— Prompt —
Among the entries below, retype exactly the lines starting with the one with "15 Kitchen Organization" and going on through the one with "Championship Winner Cropped", but not the pictures.

— Information —
-.-.-

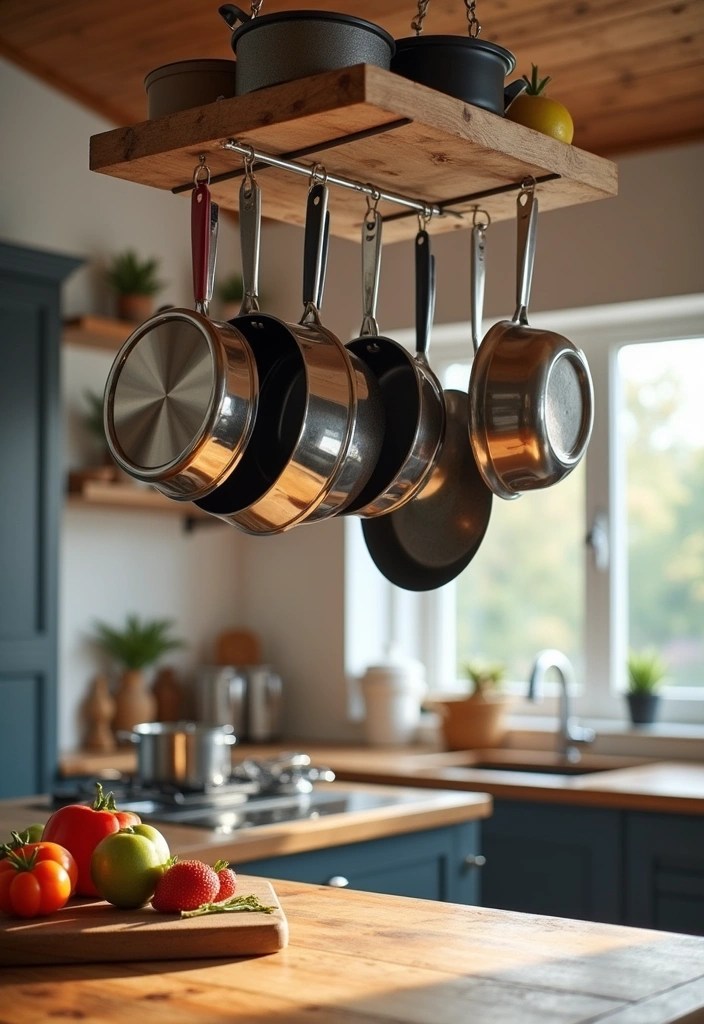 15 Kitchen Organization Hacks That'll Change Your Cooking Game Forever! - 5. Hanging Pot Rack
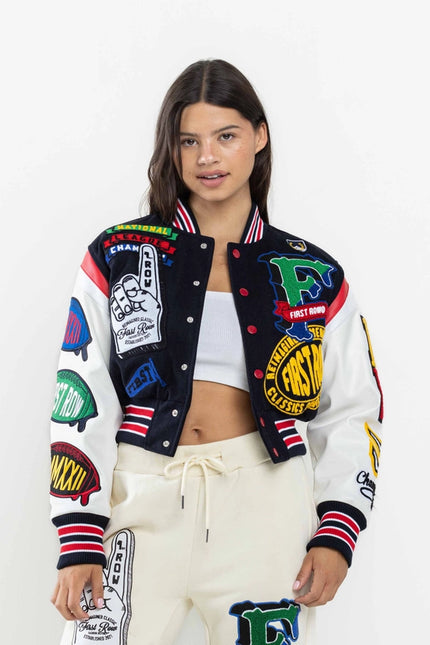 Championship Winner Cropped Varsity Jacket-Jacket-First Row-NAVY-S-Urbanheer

-.-.-

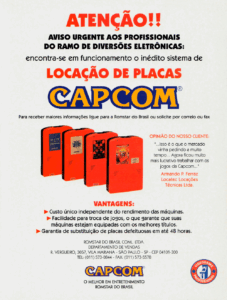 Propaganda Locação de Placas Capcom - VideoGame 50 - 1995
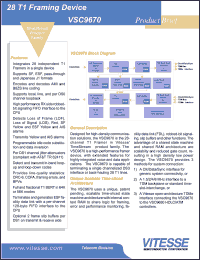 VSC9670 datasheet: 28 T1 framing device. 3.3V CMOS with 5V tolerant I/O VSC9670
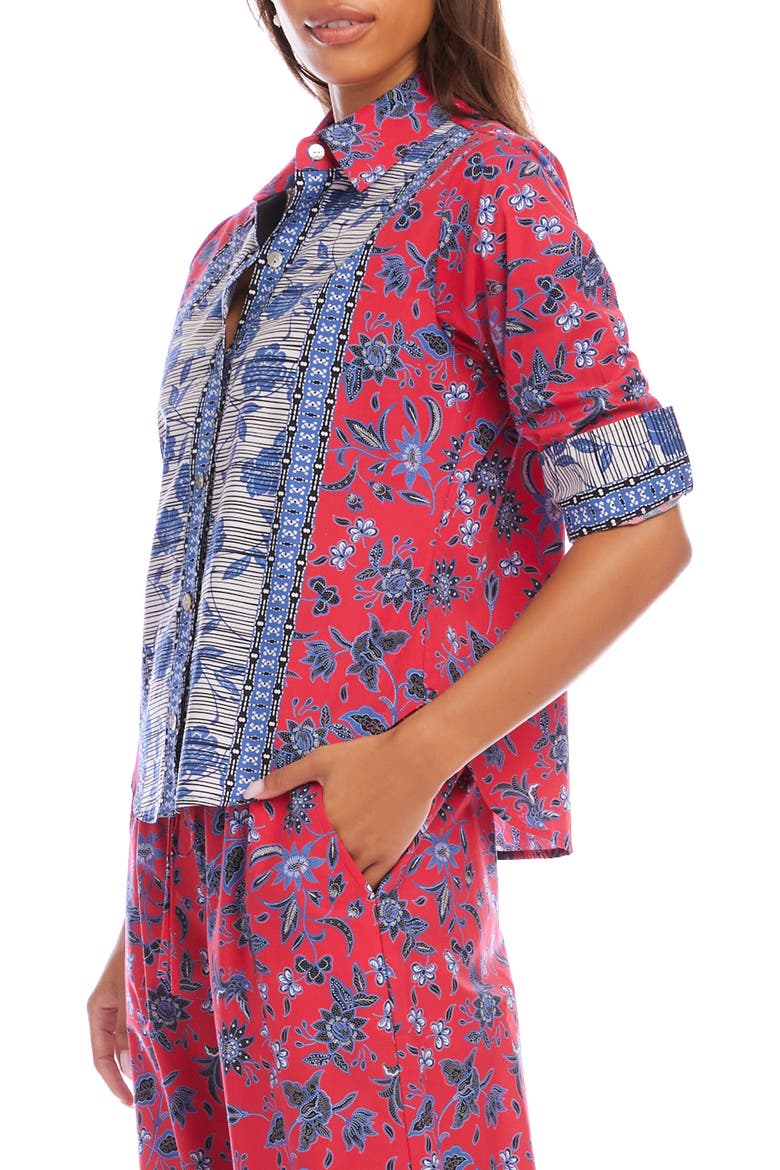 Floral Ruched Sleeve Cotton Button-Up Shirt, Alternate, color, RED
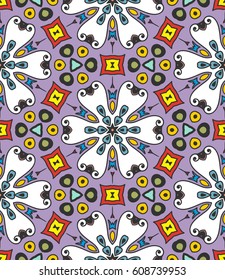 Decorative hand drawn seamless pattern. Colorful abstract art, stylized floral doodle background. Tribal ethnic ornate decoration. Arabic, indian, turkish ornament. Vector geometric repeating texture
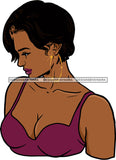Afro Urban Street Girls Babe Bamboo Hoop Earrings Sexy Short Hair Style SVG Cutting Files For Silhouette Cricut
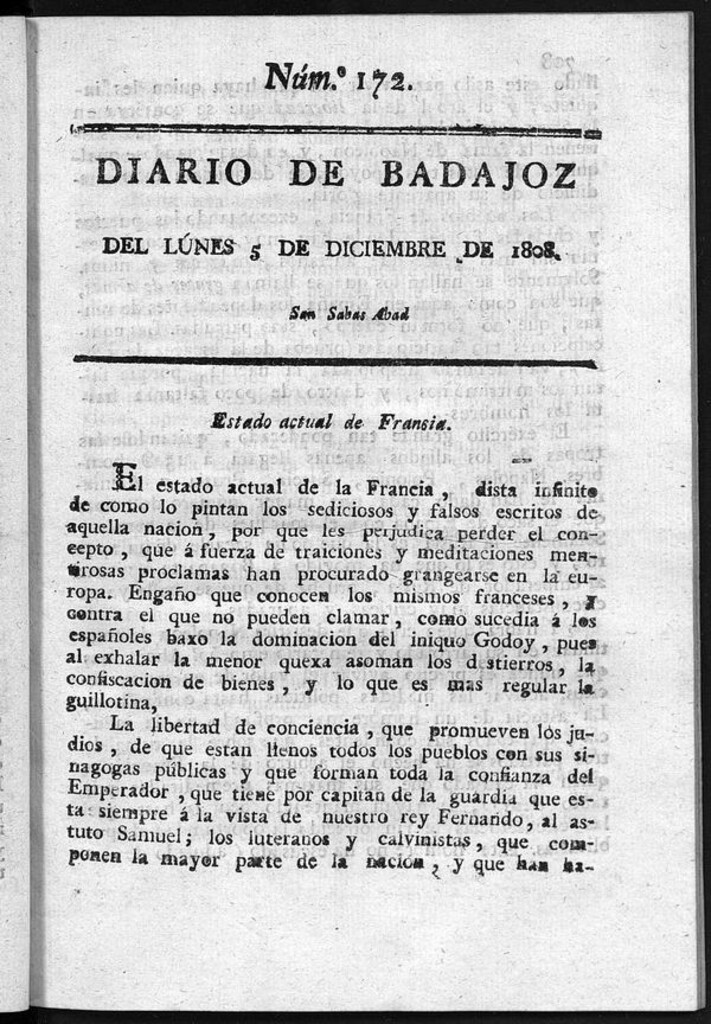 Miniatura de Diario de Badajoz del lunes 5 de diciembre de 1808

-.-.-

— Expected output —
 15 Kitchen Organization Hacks That'll Change Your Cooking Game Forever! - 5. Hanging Pot Rack
 Championship Winner Cropped Varsity Jacket-Jacket-First Row-NAVY-S-Urbanheer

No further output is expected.